Re: Limiting a search by URL from Alan Kent on 2003-01-16 (www-zig@w3.org from January 2003)

From: Alan Kent <ajk@mds.rmit.edu.au>
Date: Thu, 16 Jan 2003 12:48:55 +1100
To: www-zig@w3.org
Message-ID: <20030116124855.A28839@io.mds.rmit.edu.au>

I might be missing something, but was there an implicit desire to do more
than just substring or word matching? Examples I saw included (when searching
for a.b):

	a.b
	a.b/url.stuff
	http://a.b/url.stuff
	x.y.a.b

Is the goal to make sure only the host name part of a URL is searched
for? That is, so the following URLS do not match?

	/a.b
	http://this.that/a.b.c
    
etc. What about should x.y match http://w.x.y.z/?

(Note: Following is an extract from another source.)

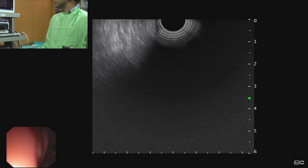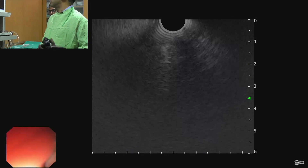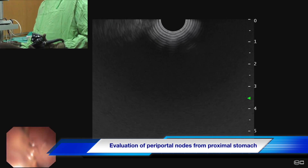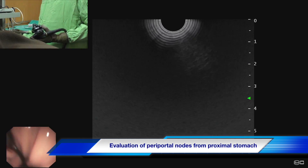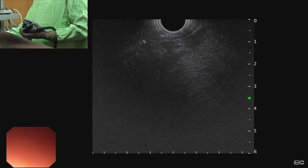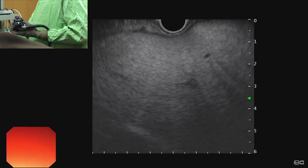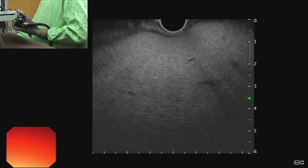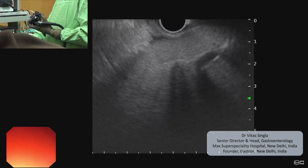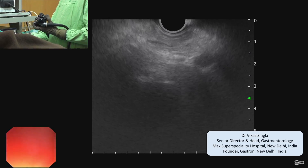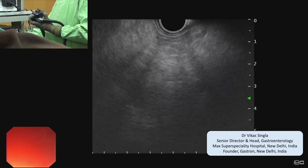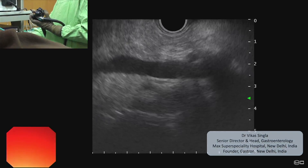First we focus on periportal nodes that can be seen from the proximal stomach. Our left hand should be facing up and the scope is in the proximal stomach. Then by using the up knob we can scan the left lobe of the liver. Then by giving a clockwise torque and raising our left hand, we can see the formation of the portal vein.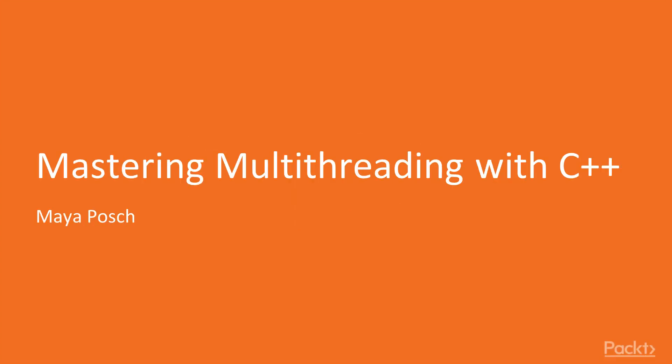Welcome to Mastering Multi-Threading with C++ by Maya Posch, a video course by Packt Publishing. I'm Cheryl Tissot, and I will be the presenter for this course.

If its enough just to do words in a URL, then I would express the query
the same way as words in normal text. Left+right truncation would give
less accurate answers: aaa.bbb would match a.b for example. But if
you want extra context (eg: must be the trailing bit of a domain name
part of a URL), then something more is needed. For example, a USE attribute
that is bound only to the domain name of a URL. (Its the system's
responsibilty to find the domain name, not the profile definition.)
For example the following URLs would have the following USE attribute
values computed

	a.b			a.b
	a.b/url.stuff		a.b
	http://a.b/url.stuff	a.b
	x.y.a.b			x.y.a.b

But still its not possible to do a right anchored word based search.
(That is a 'last-words-in-field' operator.) Character level truncation
I think is a mistake as a.b will match aa.b.


In summary:

* The best way to do it I think is to have a USE attribute bound
  only to the domain name, plus a new 'last-words-in-field' operator.
  But no-one supports this today I think.

* The practical way to do it I think is to use adjacency with words
  (which is what everyone else is saying I believe). It will give
  false matches sometimes, but will work today.

Alan

Received on Wednesday, 15 January 2003 20:49:29 UTC